YOUR TASK: Print out the data below with every line intact.

RECORDED DATA:
________

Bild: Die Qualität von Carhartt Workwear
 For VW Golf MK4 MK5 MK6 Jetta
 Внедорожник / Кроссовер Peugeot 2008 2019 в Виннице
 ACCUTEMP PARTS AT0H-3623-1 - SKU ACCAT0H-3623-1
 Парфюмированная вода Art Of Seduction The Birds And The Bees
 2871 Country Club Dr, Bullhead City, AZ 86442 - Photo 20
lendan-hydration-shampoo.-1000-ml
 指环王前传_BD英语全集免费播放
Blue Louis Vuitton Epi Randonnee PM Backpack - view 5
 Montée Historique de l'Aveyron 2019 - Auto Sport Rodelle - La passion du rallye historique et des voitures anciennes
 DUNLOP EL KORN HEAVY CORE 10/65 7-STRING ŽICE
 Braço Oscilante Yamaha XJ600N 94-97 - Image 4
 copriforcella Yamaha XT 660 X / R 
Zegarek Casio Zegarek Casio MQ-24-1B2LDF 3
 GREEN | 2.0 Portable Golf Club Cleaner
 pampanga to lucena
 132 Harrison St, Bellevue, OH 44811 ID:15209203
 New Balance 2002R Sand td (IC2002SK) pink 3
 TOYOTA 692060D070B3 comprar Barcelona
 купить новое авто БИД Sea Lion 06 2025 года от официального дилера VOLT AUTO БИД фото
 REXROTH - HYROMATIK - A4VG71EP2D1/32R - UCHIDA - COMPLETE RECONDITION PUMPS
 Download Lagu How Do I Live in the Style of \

________

RESPONSE AREA:
Bild: Die Qualität von Carhartt Workwear
 For VW Golf MK4 MK5 MK6 Jetta
 Внедорожник / Кроссовер Peugeot 2008 2019 в Виннице
 ACCUTEMP PARTS AT0H-3623-1 - SKU ACCAT0H-3623-1
 Парфюмированная вода Art Of Seduction The Birds And The Bees
 2871 Country Club Dr, Bullhead City, AZ 86442 - Photo 20
lendan-hydration-shampoo.-1000-ml
 指环王前传_BD英语全集免费播放
Blue Louis Vuitton Epi Randonnee PM Backpack - view 5
 Montée Historique de l'Aveyron 2019 - Auto Sport Rodelle - La passion du rallye historique et des voitures anciennes
 DUNLOP EL KORN HEAVY CORE 10/65 7-STRING ŽICE
 Braço Oscilante Yamaha XJ600N 94-97 - Image 4
 copriforcella Yamaha XT 660 X / R 
Zegarek Casio Zegarek Casio MQ-24-1B2LDF 3
 GREEN | 2.0 Portable Golf Club Cleaner
 pampanga to lucena
 132 Harrison St, Bellevue, OH 44811 ID:15209203
 New Balance 2002R Sand td (IC2002SK) pink 3
 TOYOTA 692060D070B3 comprar Barcelona
 купить новое авто БИД Sea Lion 06 2025 года от официального дилера VOLT AUTO БИД фото
 REXROTH - HYROMATIK - A4VG71EP2D1/32R - UCHIDA - COMPLETE RECONDITION PUMPS
 Download Lagu How Do I Live in the Style of \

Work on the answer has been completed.